Dr. Pacheco: Estudos nos mostram que as crianças necessitam de mais horas de sono que o adulto, isto porque ela está em desenvolvimento, crescimento. Sabemos por exemplo que o hormônio do crescimento é liberado especialmente durante o sono. Mas há um engano por parte das pessoas quando acham que temos que dormir pelo menos oito horas por dia. Isto é um engano. Temos que dormir o tempo que for necessário para que no dia seguinte nos sintamos bem, descansados e dispostos para a jornada diária. Então, existem pessoas que se sentem bem no dia seguinte com apenas seis horas de sono, outras, necessitam de oito a dez horas de sono, e ainda há aqueles que necessitam de doze horas de sono para sentirem-se descansados no dia seguite. São os chamados: curto dormidores, médio dormidores e longos dormidores. Depende muito de pessoa para pessoa a quantidade de horas para dormir. Importante ainda é dizer que qualidade de sono não pode ser confundida com quantidade de sono. Uma pessoa pode dormir por muitas horas e ter uma qualidade de sono péssima.

Guia-me: Quais são os distúrbios do sono que o senhor atende com mais frequência em seu consultório?

Dr. Pacheco: Há muitos distúrbios do sono, mais de cem, mas os mais frequentes são: Sindrome da Apnéia e Hipopnéia Obstritova do Sono (SAHOS), Sonambulismo, Síndrome das Pernas Inquietas (SPI), Insônia, Sonolência excessiva, Narcolepsia, Terror noturno etc.

Guia-me: Quais são os mais graves?

Dr. Pacheco: Considero os mais graves a Síndrome da Apnéia e Hipopnéia Obstrutiva do Sono que se não tratada a médio, longo prazo, pode acarretar problemas cardiovasculares como: AVC, infarto, Hipertensão e outros relacionados. Este distúrbio pode acometer crianças, mulheres e  homens. Deve ser tratado com seriedade, principalmente se tratando de uma criança. A insônia também é bem frequente e deteriora a vida da pessoa, a Síndrome das Pernas Inquietas. Estes distúrbios comprometem muito a qualidade de vida do paciente se não tratados adequadamente e podem comprometer a vida de outras pessoas também.

Guia-me: Como funciona a polissonografia? Para quem ela é indicada?

Dr. Pacheco: A polissonografia é um exame feito geralmente durante a noite, onde as variáveis do sono são monitoradas e registradas como: eletroencefalograma, eletro oculograma, eletrocardiograma, eletromiograma de mente e/ou permas, fluxo aéreo nasal e bucal, microfone para detectar o ronco, oximetria. Este exame também pode ser registrado por vídeo. Com ele podemos detectar como é a noite de sono do paciente, se ele tem algum distúrbio do sono e qual, para que se possa dar a terapêutica indicada para cada caso. É bem comum um mesmo paciente ter mais de um distúrbio do sono.

Guia-me: Em sua opinião, as pessoas dão a devida importância aos distúrbios do sono?

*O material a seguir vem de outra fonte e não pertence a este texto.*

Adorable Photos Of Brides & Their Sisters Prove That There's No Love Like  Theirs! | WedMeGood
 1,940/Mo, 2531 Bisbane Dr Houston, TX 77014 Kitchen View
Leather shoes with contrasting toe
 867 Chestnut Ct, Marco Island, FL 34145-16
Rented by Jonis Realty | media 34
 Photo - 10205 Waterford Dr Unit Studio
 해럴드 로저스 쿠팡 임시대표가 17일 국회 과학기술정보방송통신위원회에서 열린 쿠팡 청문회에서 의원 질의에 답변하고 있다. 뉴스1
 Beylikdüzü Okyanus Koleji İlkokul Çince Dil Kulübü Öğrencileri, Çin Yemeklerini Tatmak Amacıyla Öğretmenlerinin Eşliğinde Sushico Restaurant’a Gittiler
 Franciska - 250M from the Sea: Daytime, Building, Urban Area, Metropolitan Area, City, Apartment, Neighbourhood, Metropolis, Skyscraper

Dr. Pacheco: Este é um assunto novo. As pessoas precisam ser esclarecidas a respeito dos distúrbios do sono e suas consequências. Ainda há muita desinformação a respeito, mesmo no meio médico. Quando as pessoas são esclarecidas a respeito, elas buscam atendimento médico. É muito importante que principalmente os profissionais de saúde saibam detectar quando o paciente é possível portador de um distúrbio do sono e encaminhá-lo para um especialista nesta área.

Guia-me: Quais são as consequências mais graves?

Dr. Pacheco: Depende do tipo distúrbio, mas vai desde irritabilidade, falta de concentração, memória, sonolência diurna excessiva, depressão, hipertensão e outros como: isolamento social. Além disso, outras pessoas do convívio familiar estarão envolvidas com o problema deste paciente - há casos de separação de casais. Não devemos deixar de registrar que muitas vezes tais distúrbios podem levar à morbidade ou mortalidade.

* A pesquisa entrevistou mais de 42 mil pessoas em São Paulo, Rio de Janeiro, Salvador, Vitória, Recife, Porto Alegre, Brasília, Belo Horizonte, Fortaleza e Curitiba.